The steel industry will struggle to achieve further significant CO2 emission reductions without introducing "breakthrough" technologies, as the most modern installations in the EU are "close to the limits" of what current technologies can do, the plan says.
"Looking at the future, it is clear, however, that an industrial-scale demonstration project of producing steel with carbon capture and storage (CCS) will be required, and the likely financial envelope will fall beyond the typical size of a R&D&I [research, development and innovation] project," the European Commission said, estimating the costs of the full spectrum of demonstration experiments to exceed €500m.
Therefore, financing instruments, such as an NER300, would be needed for the next phase of commercial demonstration of CCS technologies for steel production.
Under the NER300, selected CCS and renewable energy electricity projects are financed via the sale of EUAs from the EU's new entrants reserve (NER).
The bloc executives previously labelled "interesting" the idea of creating a similar mechanism for other industry sectors (see 30 EDCM May 2013).
But companies found themselves more dependent on direct government funding for their CCS projects, as money originally earmarked through the EU's NER300 fund has fallen short of the sums needed for significant CCS investments because of the low carbon price and the cost of the technology (see EDCM 30 October 2012).
Also, the additional supply of allowances the NER300 offered to the carbon market added to the oversupply that had driven these prices down.
This suggests that the carbon price would have to recover to effectively fund clean technology for the steel sector.

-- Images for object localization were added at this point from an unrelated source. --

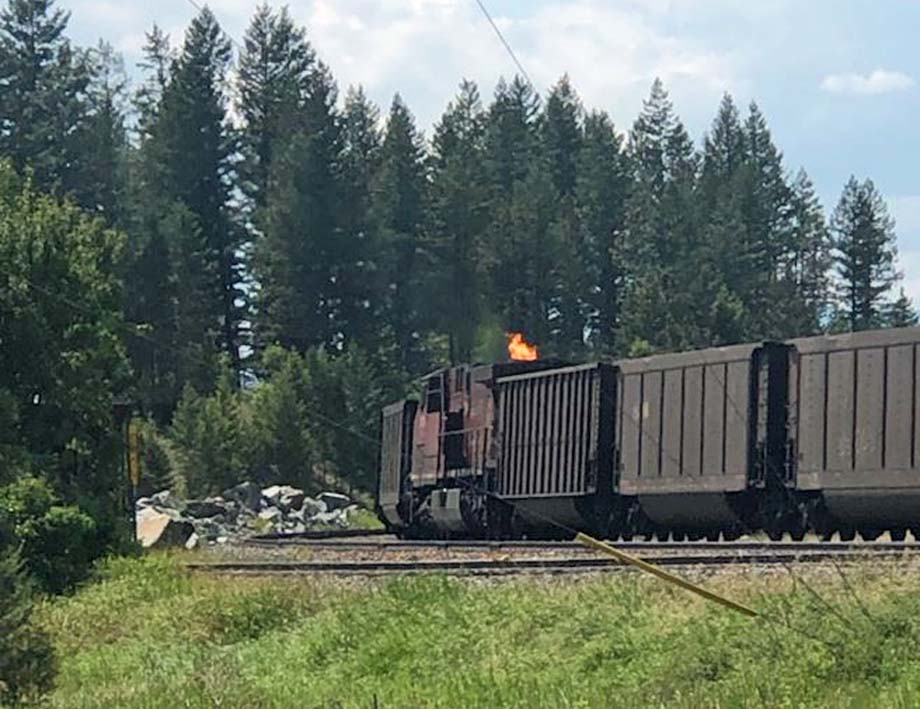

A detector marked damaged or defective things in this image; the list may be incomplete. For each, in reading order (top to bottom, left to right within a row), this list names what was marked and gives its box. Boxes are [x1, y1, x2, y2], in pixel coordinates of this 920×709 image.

rusty gondola car [378, 324, 920, 536]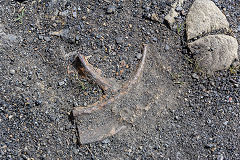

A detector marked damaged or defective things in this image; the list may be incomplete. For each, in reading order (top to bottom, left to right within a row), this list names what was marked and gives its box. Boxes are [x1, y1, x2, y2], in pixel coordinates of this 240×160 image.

broken metal component [77, 53, 120, 92]
broken metal component [72, 44, 148, 117]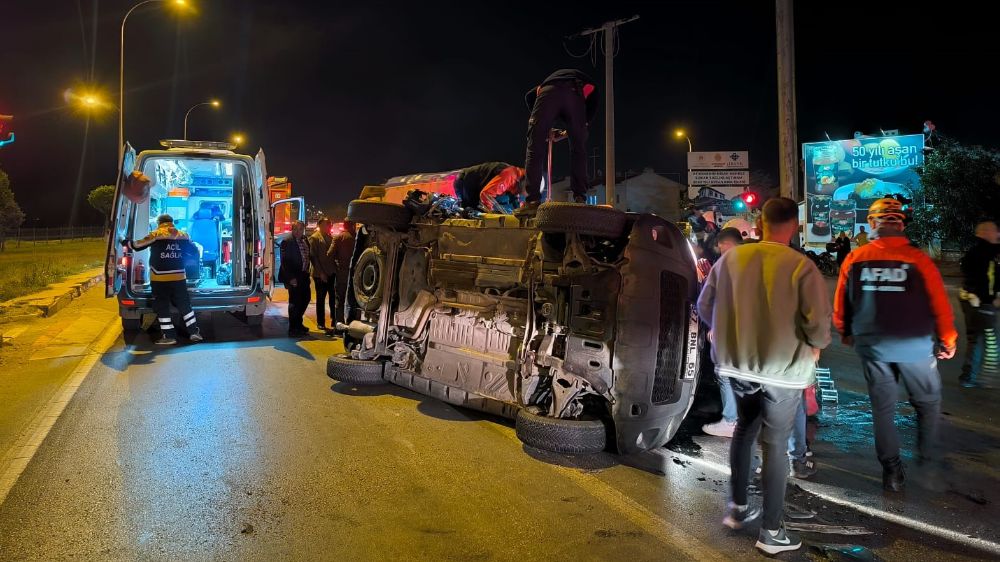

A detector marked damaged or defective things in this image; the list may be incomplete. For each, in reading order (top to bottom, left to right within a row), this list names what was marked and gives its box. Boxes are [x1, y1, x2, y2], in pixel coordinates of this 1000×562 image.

detached tire [348, 199, 410, 230]
detached tire [540, 201, 624, 236]
overturned vehicle [330, 188, 704, 456]
detached tire [332, 352, 386, 382]
detached tire [516, 404, 608, 452]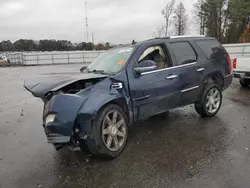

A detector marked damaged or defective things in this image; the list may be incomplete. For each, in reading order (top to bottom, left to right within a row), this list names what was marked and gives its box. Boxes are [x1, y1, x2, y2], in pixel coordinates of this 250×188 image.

crumpled hood [23, 71, 108, 98]
damaged front end [23, 72, 108, 150]
front bumper damage [44, 94, 88, 146]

Curbing the oversupply would help to prop up the price.
On Wednesday, NGO Greenpeace and consultancy Ecofys put out a research paper looking at a number of options to tackle the oversupply - including the possibility of altering the existing linear reduction factor.
The study warns that unless the surplus is addressed, in the long term, the EU ETS will fail to offer incentives to reduce emissions - as will clean technology in the steel sector.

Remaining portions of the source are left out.